Extracted records
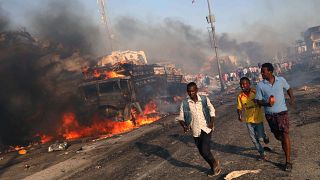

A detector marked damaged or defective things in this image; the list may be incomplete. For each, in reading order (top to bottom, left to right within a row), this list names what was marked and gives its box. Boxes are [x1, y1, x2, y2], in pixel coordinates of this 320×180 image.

burned truck [78, 51, 186, 121]
destroyed vehicle [78, 62, 186, 121]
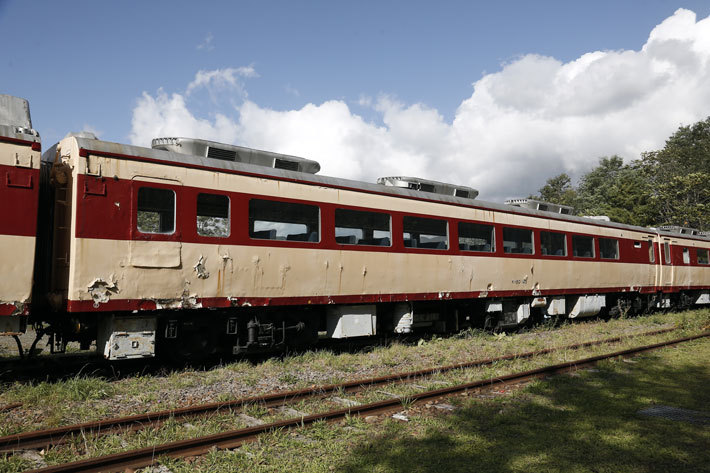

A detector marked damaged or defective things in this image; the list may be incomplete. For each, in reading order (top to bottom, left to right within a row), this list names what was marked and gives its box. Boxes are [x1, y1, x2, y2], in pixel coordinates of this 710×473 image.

peeling paint [87, 274, 119, 308]
peeling paint [193, 256, 210, 278]
rusty rail [0, 324, 680, 450]
rusty rail [23, 332, 710, 472]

- Brief: The data is to be printed again exactly, but without its pictures.

- Solution below:
A detector marked damaged or defective things in this image; the list may be incomplete. For each, in reading order (top to bottom, left to right within a row), this list names what was marked and gives its box. Boxes are [x1, y1, x2, y2], in pixel coordinates of this 320×180 image.

burned truck [78, 51, 186, 121]
destroyed vehicle [78, 62, 186, 121]

A detector marked damaged or defective things in this image; the list may be incomplete. For each, in reading order (top to bottom, left to right within a row), this list names what was marked and gives its box. Boxes are [x1, y1, x2, y2], in pixel coordinates of this 710×473 image.

peeling paint [87, 274, 119, 308]
peeling paint [193, 256, 210, 278]
rusty rail [0, 324, 680, 450]
rusty rail [23, 332, 710, 472]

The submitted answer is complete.